## Stats

Look, I'm not a statistician. I didn't even take any stats classes until my master's program. Everything I've learned has been as needed, and generally, I've always had a data team to work with to bounce ideas off of. So, I'm not going to teach you stats. However, I am going to tell you that you *should* learn some basic stats as a PM. It will help you understand what is happening and be able to storytell with numbers better.

My master's program borrowed heavily from this book, OpenStats, which is free. Choose the OpenIntro Stats books if you *don't* want to write code, and choose Intro to Modern Stats if you *do* want to write code.

I'll leave here a few key things to think about when working with stats as a PM.

### Sampling

If you take a *truly random* sample of a large group and the sample is large enough, it will be representative of the whole. A key here is that it has to be truly random. If you start biasing this sample at all by selecting all men or selecting only people who will respond to emails, etc., then the sample is no longer representative of the whole as you've biased the sample.

Why do we talk about this? A big part of being a good PM is talking to your users. Part of that will be running studies on your users. If you can get a random sampling of your users and run some experiments, you can get information about what helps your product and what doesn't.

### The p-value

This isn't the most advanced stats concept we will chat about, but it is important. A p-value can be thought of: "How confident are we in this statement." A more accurate way to state what the p-value is is, "How likely is there that these results would happen if the things we are measuring are totally uncorrelated to each other." But you can think, "lower p-values mean these two things are more closely correlated."

I'm not going to get too much more into it other than when you are presented with findings from a study either from your data team or from an outside researcher; it's good to ask what the p-values were. A lot of people arbitrarily have chosen a p-value of .05 (or 5%) as the threshold to call something statistically significant. That would mean there's a 5% chance that the study you just conducted was total happenstance and the two things are actually uncorrelated and a 95% that the two things indeed are correlated.

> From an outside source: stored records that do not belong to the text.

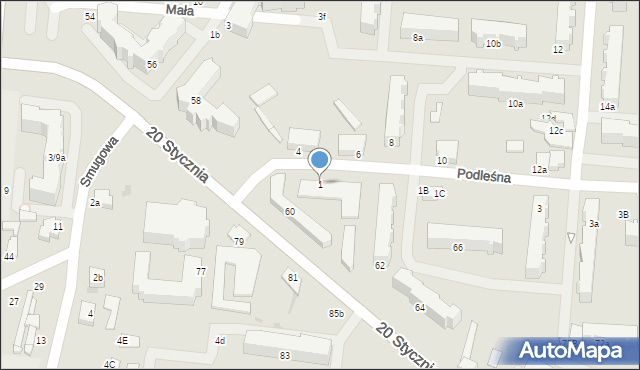 Pabianice, Podleśna, 1, mapa Pabianic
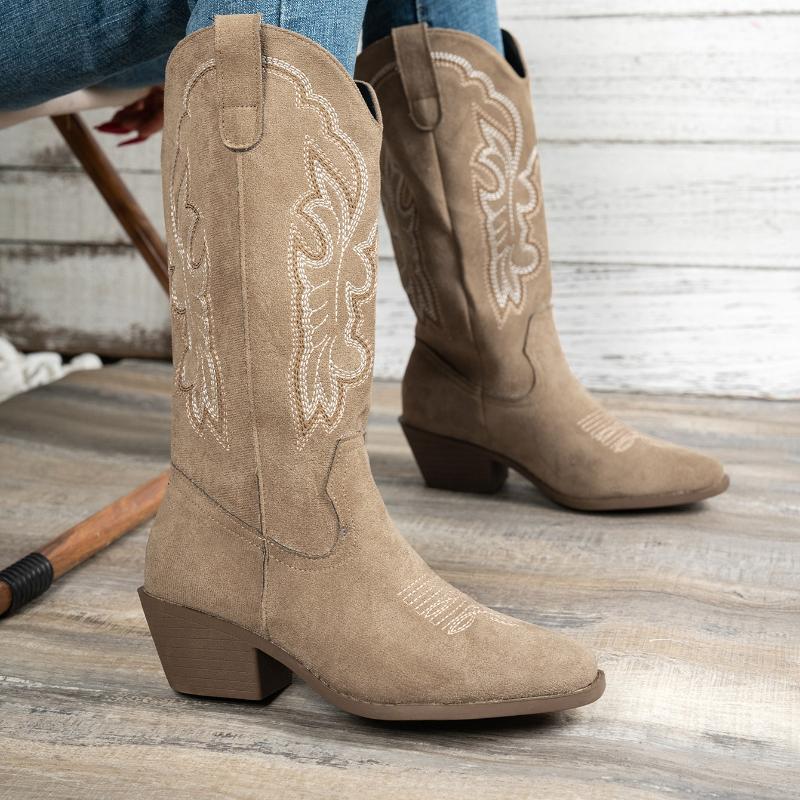 

Модные женские ботинки Осень Зима Удобная обувь Высокий толстый каблук Острый носок Женская обувь Сексуальные Модные Вышитые Длинные ботинки 39 хаки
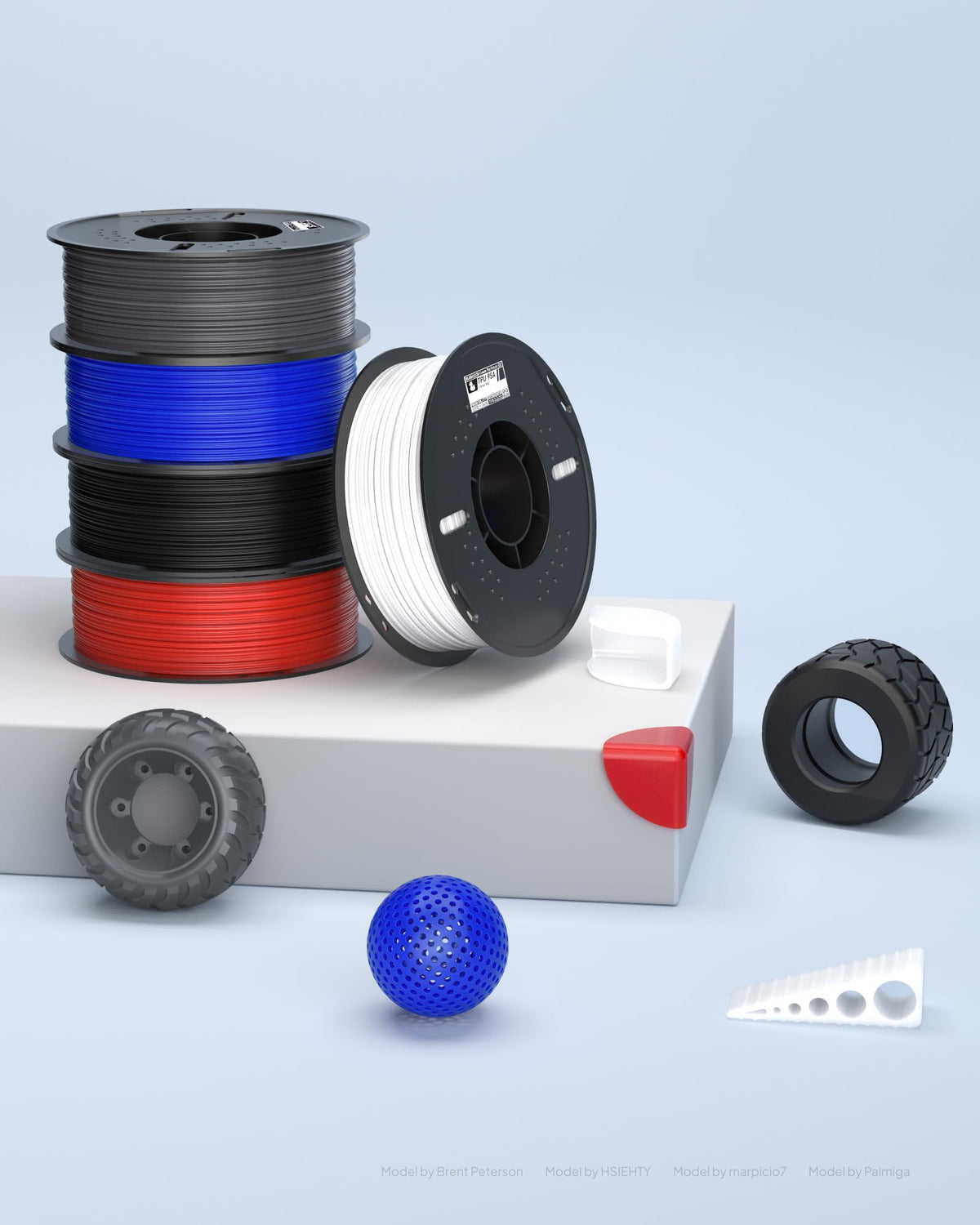 ELEGOO TPU Filament 1.75mm Grey 1KG, 95A Flexible Soft 3D Printing Filament 1KG Spool(2.2lbs) Fits for Most FDM 3D Printers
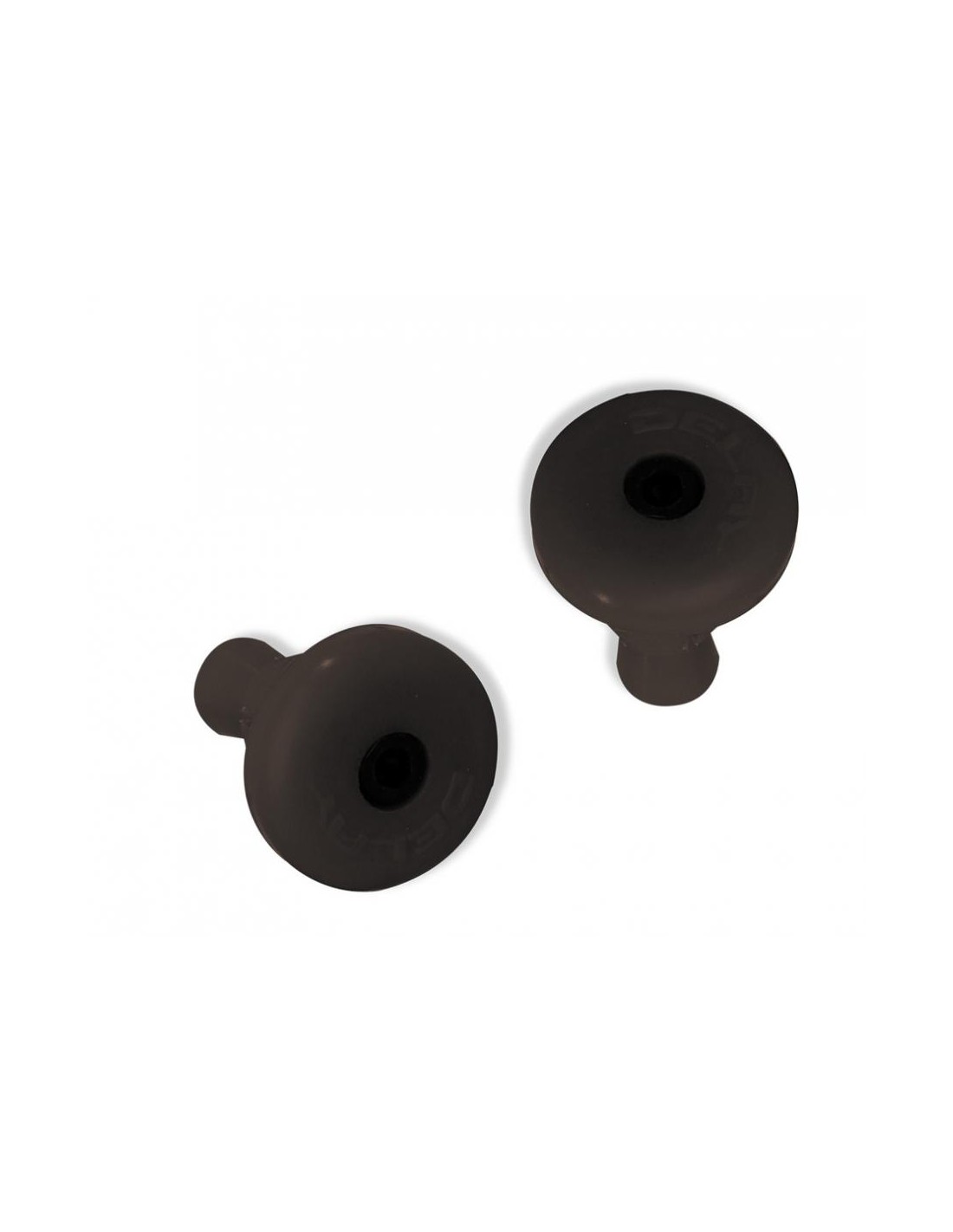 Pair of black plastic handlebar caps d.12mm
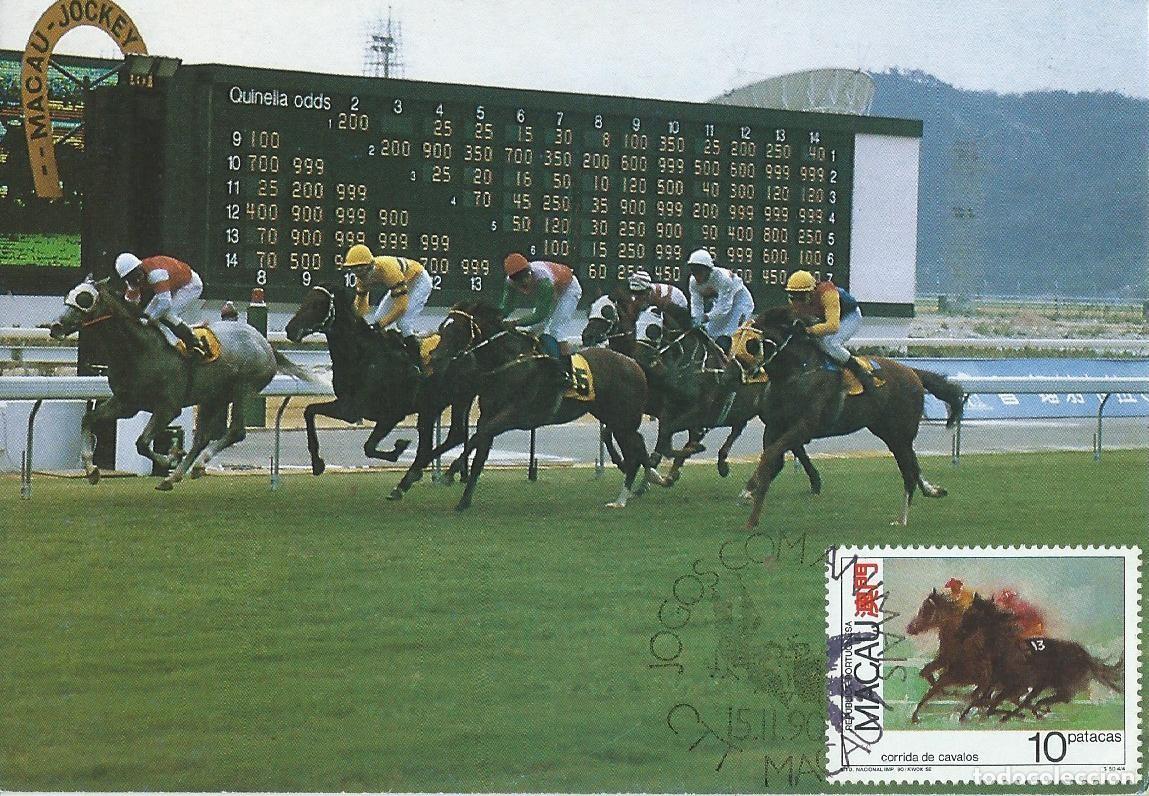 Sellos: 1990. MACAO/MACAU. M&Aacute;XIMA/MAXIMUM CARD. CARRERA DE CABALLOS. HORSE RACING. YT 630. DEPORTES/SPORTS.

An example of that is if we did a study changing the button of our checkout process from black to red, and we saw an uptick in revenue of 15%. Then, we did a study on that to see if that was a causative relationship. If we found a p-value of .04 in the resulting study, we would say yes, the red did change the revenue. If it was .12, we would say it was inconclusive.

## A little bit of graphing

Okay, so we have some stats in us now. Let's talk about graphs and showing metrics.

⛔️ First rule is never use pie charts. ⛔️

Now we have that out of the way, let's talk about *why* you want to use graphs. When we use metrics in papers and meetings, we need to have a reason to look at them. Numbers by themselves are not useful to show off; we use them to tell stories, describe changes, and identify needs.

^{Via The Extreme Presentation™ Method}

The above helper (or any other on the Internet) can help you choose an appropriate chart for the story you're trying to tell. Sometimes, you're trying to emphasize climbing costs in which a line graph could help, or one segment of all costs is growing faster than other segments in which a stacked bar chart could tell that story really well.

My point here is that point some thought into "what is a person glancing at this chart going to pick up on first." Use color, labels, and appropriate graph types to drive home points. A well-made graph can make a whole presentation.

Also, never use pie charts. Humans are not good at judging areas at a glance or working with changes in angles. They don't tell stories well at all, and there is *always* a better graph to choose.